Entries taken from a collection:
○ ○ ○

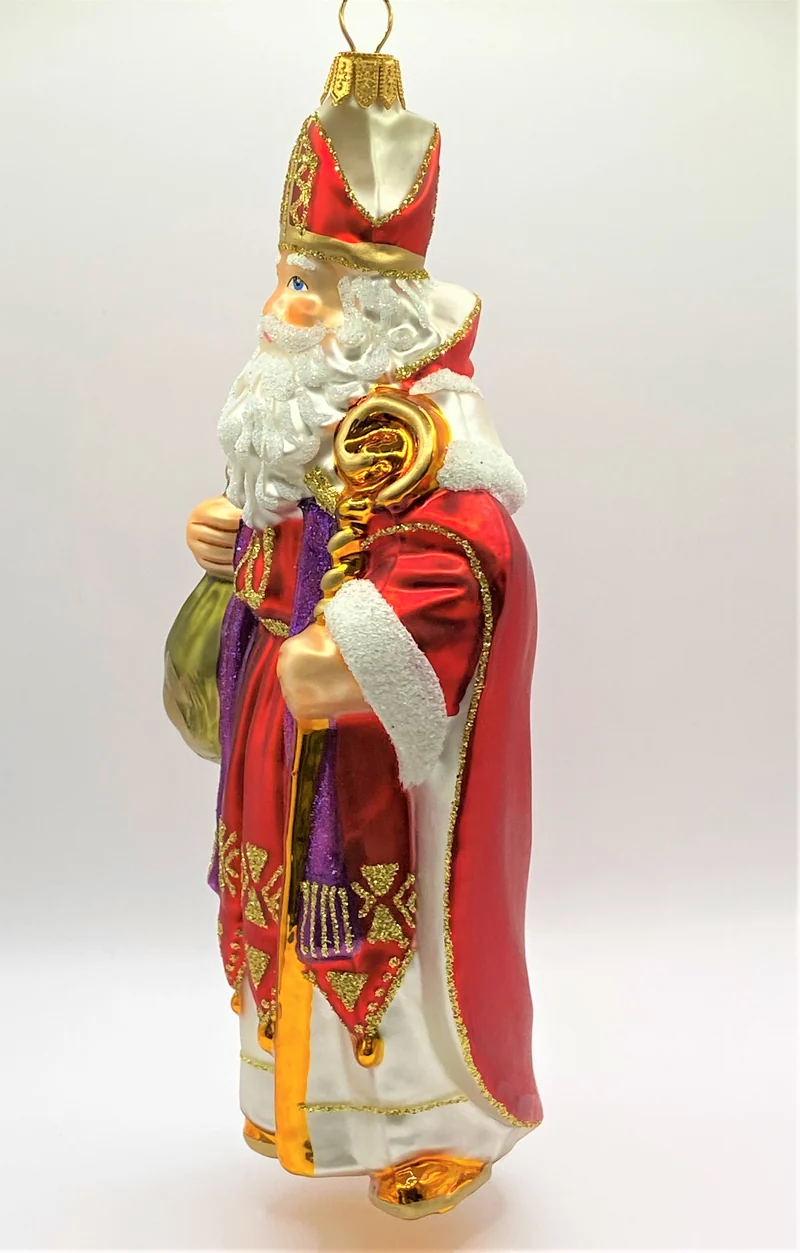 Heiliger Nikolaus mit Mitra, Stab und violetter Stola, KOMOZJA MOSTOWSKI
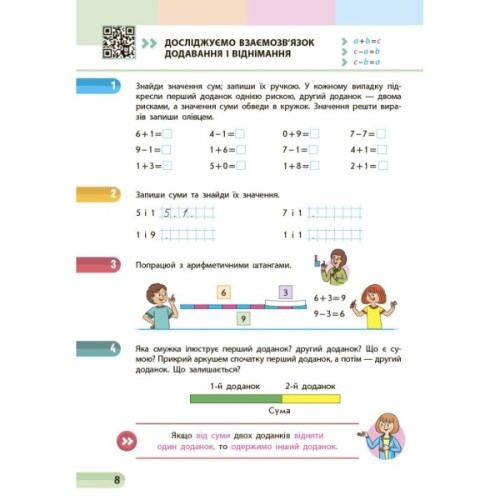 Навчальний посібник Математика. Для 1 класу ЗЗСО. У 3-х частинах. Частина 2 - С.О. Скворцова, О.В. Онопрієнко Ранок (9786170982582)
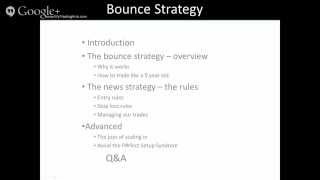 My Trading Hub - Bounce Strategy Webinar Preview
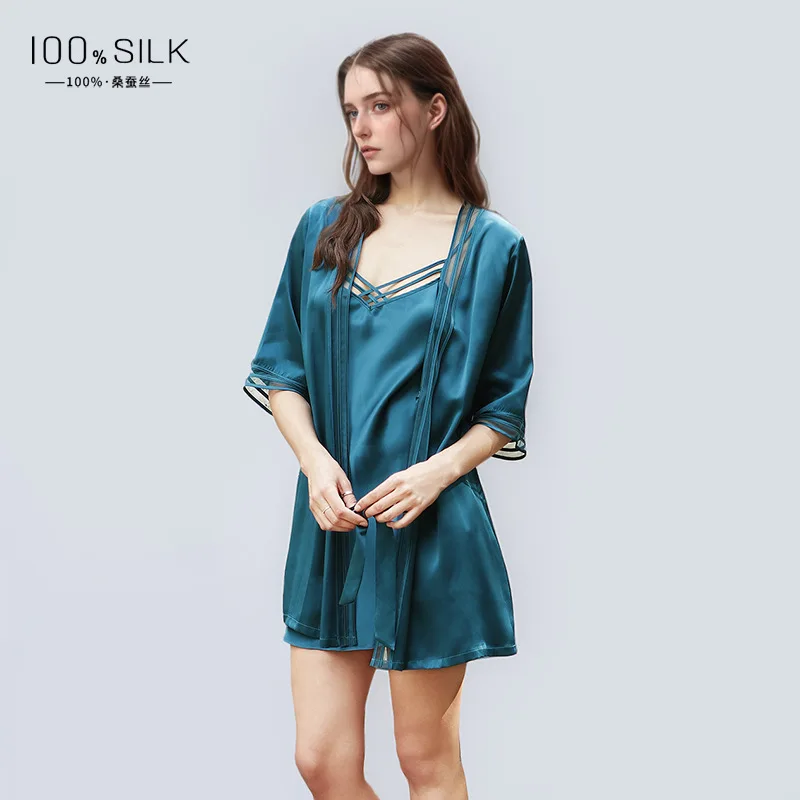 19MM 100% Maulbeerseide Robe K – Robe Silk Women Bewertung und Preis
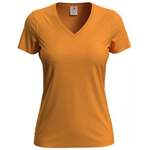 T-Shirt von Stedman, in der Farbe Orange, andere Perspektive, Vorschaubild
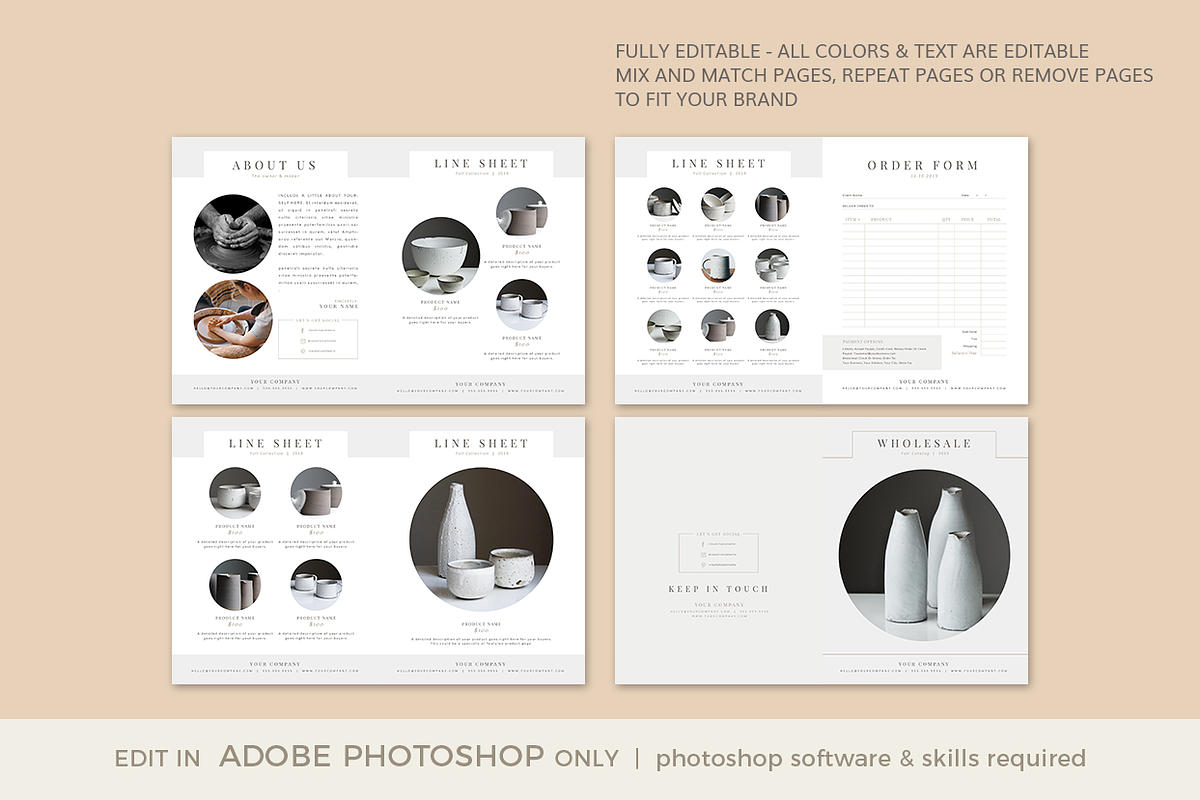 Wholesale Catalog Template PHOTOSHOP, a Brochure Template by Digiluxe (Photo 4 of 4)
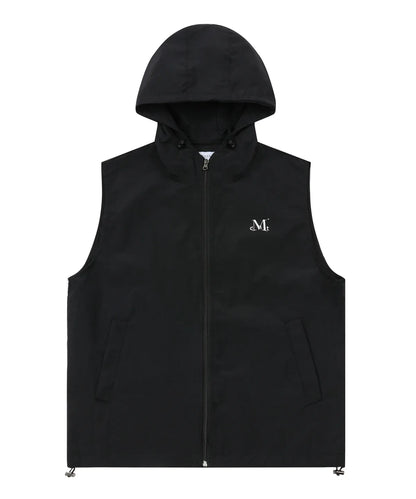 韓國 Mucent Tech Nylon Hood Vest【MU011】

○ ○ ○

- [WHAT TO WORK ON]:
Please transcribe every record above exactly as written, leaving out the pictures.

- [SOLUTION FOR THIS EXERCISE]:
 Heiliger Nikolaus mit Mitra, Stab und violetter Stola, KOMOZJA MOSTOWSKI
 Навчальний посібник Математика. Для 1 класу ЗЗСО. У 3-х частинах. Частина 2 - С.О. Скворцова, О.В. Онопрієнко Ранок (9786170982582)
 My Trading Hub - Bounce Strategy Webinar Preview
 19MM 100% Maulbeerseide Robe K – Robe Silk Women Bewertung und Preis
 T-Shirt von Stedman, in der Farbe Orange, andere Perspektive, Vorschaubild
 Wholesale Catalog Template PHOTOSHOP, a Brochure Template by Digiluxe (Photo 4 of 4)
 韓國 Mucent Tech Nylon Hood Vest【MU011】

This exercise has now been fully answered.